While I understand that that sounds like an odd question, it is one that should be posed. Seriously, how well do you know your cup of coffee? How attached to this black goodness are you? Really this can be thought of for most things in life, our clothing, our food, our cars, appliances, bedding and the list goes on and on . What do we know about what we consume, use and ingest?
If you follow our blogs you may have noticed many of our queries are centered around coffee and ethics, and of course clothing production ethics and the integral connection between Haiti and Canada, and well consumption in general. But back to the point of this blog. How did coffee come about? Have you ever thought to yourself: how did someone think ‘hmm I am going to pick this flower, reveal a bean that is inside, shell it, sort it, roast it, grind it and then pour water over these grinds so I may drink it to enhance my alertness‘. Seriously, whoever came to this realization is kind of like a god to me. Though one could argue possibly the alternative, as coffee has been a crop that has annihilated many a country’s agricultural sector, and therefore rather than god-like they could be viewed as foe. But for simplistic reasons, let us assume this person had this idea because he/she knew that coffee and the culture that surrounds it is a perfect way to unite people when done ethically.
So, where or rather how did the idea originate? Most research points to Ethiopia as the birthing place of coffee. As an interesting side note, a little research will lead you to find that Startbucks went through a dispute over intellectual property rights with Ethiopian coffee farmers, particularly over the Harar, Yigarcheffe and Sidamo coffee beans fbetween 2002-2007. The chairman of Starbucks and the prime minister of Ethiopia, Meles, came to an agreemement in 2006 and settled the dispute. Though many argue that Starbucks does not do enough to uphold labour and environmental standards to make up for the vast amount of environmental and human degradation it causes across the globe. This in itself could be the focus of an entirely different post..or book, we’ll work on that:)
Back to the point. One ‘COFFEE LEGEND‘ states claim that an Arabian shepherd, on the tip of the Arabian Peninsula, named Kaldi found his goats joyous and exuberant near a green leafed shrub with bright red cherries.

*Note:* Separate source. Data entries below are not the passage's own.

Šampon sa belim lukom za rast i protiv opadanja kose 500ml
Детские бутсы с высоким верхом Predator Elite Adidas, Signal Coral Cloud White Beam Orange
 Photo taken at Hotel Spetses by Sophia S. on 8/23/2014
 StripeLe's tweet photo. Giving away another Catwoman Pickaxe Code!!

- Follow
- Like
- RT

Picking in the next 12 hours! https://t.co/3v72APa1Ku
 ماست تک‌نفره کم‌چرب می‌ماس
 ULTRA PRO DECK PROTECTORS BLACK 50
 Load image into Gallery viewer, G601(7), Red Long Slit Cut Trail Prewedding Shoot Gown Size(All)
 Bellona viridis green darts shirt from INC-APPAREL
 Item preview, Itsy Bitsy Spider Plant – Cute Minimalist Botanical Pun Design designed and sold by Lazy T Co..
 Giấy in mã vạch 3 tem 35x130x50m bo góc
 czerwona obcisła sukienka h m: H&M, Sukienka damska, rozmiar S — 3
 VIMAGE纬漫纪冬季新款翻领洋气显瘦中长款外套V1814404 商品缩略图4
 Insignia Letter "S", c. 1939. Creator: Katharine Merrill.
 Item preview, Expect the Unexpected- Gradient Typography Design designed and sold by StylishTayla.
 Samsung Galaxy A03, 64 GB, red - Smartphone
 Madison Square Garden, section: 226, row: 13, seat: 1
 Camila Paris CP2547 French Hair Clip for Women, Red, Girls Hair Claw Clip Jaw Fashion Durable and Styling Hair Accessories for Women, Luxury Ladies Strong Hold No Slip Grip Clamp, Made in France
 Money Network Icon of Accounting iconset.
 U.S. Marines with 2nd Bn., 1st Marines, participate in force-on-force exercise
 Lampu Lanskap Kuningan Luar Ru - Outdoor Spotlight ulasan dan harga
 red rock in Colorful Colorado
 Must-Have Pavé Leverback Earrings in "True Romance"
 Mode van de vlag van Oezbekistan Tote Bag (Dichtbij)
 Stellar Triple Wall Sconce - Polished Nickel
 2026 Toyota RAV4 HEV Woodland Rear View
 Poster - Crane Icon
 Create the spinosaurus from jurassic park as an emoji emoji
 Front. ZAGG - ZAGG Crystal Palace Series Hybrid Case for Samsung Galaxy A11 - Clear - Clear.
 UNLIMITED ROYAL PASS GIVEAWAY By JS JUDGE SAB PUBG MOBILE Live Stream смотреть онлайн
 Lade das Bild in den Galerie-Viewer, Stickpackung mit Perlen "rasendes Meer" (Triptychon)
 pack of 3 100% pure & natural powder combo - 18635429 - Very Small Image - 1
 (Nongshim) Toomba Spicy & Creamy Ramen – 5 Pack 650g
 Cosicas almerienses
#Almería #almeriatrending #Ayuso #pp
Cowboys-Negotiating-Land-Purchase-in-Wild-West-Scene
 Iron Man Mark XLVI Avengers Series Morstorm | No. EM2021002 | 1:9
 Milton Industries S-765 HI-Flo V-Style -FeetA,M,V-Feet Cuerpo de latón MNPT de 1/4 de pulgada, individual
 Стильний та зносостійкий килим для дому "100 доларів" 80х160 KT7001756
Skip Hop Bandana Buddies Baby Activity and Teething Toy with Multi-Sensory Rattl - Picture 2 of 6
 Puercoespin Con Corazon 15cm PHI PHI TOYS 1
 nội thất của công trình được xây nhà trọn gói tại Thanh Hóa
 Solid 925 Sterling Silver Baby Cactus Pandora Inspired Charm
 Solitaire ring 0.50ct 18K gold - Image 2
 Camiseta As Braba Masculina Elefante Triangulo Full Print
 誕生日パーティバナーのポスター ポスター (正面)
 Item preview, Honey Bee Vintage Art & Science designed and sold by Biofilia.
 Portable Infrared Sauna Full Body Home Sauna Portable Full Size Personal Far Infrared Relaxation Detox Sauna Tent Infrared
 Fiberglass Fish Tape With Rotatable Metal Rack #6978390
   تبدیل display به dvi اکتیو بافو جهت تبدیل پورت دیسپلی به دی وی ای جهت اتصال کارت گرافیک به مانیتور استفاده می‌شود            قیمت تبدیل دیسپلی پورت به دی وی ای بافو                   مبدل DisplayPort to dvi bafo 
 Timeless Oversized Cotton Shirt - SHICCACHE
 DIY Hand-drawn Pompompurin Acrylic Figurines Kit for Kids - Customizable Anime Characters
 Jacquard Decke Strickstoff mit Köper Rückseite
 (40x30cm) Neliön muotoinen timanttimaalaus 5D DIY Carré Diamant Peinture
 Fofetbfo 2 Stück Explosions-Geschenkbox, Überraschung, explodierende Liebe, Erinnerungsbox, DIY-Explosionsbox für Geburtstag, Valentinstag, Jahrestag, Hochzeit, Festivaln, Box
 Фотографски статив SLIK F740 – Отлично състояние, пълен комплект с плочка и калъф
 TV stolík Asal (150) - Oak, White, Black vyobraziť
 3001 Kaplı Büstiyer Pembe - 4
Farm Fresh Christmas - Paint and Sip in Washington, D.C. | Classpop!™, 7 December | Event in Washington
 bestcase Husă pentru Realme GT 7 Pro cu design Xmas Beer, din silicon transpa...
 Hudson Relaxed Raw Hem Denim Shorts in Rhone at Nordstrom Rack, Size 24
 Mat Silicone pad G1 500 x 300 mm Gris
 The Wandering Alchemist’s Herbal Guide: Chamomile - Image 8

After trying the berries himself and experiencing their powerful effect, Kaldi determined that this euphoric state was caused by the flower themselves. The stimulating effects were then used by monks at a local monastary in order to stay awake during long prayer hours. The cherries were distributed to other monastaries around the world. Coffee was birthed.
However, despite the mystical appeal of this legend, recent evidence would suggest that coffee does indeed originate from Ethiopia. Coffee is said to have originated on the plateaus of central Ethiopia and somehow made its way to Yemen where it has been cutltivated since the 6th century. With the first introduction of coffee houses in Cairo and Mecca coffee became a passion rather than just a stimulant. And thus coffee culture was born.
So there you have it. The birthing of coffee revealed. We can all rest easy now that this life altering question has been answered. But the real point of this post, aside from my curiosity, is to highlight the long life most things we consume have prior to coming into our physical possession. Coffee has played an integral role in cultures across the globe since the 6th Century. It is here to stay, as time has undoubtly shown. What is needed now most of all is to ensure it is grown, harvested, roasted and consumed in the most ethically sound way possible.
Looking for organic, fair trade, rain forest alliance, shade grown and bird friendly certifications are important and valid places to start. We definitely recommend talking to your barista. Beyond providing you with greater insight to the specific coffee origins of your cup and information on the cafe, you will build a lovely rapport and perhaps become regulars at cafes like Sway and I seem to have a knack for doing.